* [Information given]
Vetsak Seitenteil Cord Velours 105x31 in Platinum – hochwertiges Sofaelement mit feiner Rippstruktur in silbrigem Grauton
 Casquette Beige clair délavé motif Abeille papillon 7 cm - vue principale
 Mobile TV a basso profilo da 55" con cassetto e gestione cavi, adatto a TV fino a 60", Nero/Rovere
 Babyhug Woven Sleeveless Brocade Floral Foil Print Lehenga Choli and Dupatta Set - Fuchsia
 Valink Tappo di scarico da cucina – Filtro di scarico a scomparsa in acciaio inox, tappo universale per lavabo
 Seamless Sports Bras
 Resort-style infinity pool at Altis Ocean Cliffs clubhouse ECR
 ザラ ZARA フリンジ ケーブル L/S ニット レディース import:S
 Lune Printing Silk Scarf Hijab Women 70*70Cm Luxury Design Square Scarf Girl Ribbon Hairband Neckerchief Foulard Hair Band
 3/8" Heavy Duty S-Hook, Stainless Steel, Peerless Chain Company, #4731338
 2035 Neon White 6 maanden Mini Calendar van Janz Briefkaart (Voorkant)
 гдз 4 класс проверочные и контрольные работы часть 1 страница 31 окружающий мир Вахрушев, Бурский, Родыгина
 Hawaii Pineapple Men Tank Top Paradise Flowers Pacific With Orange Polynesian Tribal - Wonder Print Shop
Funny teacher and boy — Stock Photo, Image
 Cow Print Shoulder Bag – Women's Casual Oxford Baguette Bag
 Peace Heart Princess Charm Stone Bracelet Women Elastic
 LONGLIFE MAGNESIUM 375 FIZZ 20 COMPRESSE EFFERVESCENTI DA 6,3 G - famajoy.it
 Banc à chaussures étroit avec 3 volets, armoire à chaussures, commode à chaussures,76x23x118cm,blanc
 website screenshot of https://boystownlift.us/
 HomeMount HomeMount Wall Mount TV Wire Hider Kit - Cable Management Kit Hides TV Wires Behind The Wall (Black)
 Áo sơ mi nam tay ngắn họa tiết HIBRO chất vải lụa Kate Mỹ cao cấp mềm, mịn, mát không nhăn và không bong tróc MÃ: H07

* [Work to be completed] The expected response consists solely of the lines from the one with "website screenshot of" through the end of the records, repeated exactly.

* [Solved problem]
 website screenshot of https://boystownlift.us/
 HomeMount HomeMount Wall Mount TV Wire Hider Kit - Cable Management Kit Hides TV Wires Behind The Wall (Black)
 Áo sơ mi nam tay ngắn họa tiết HIBRO chất vải lụa Kate Mỹ cao cấp mềm, mịn, mát không nhăn và không bong tróc MÃ: H07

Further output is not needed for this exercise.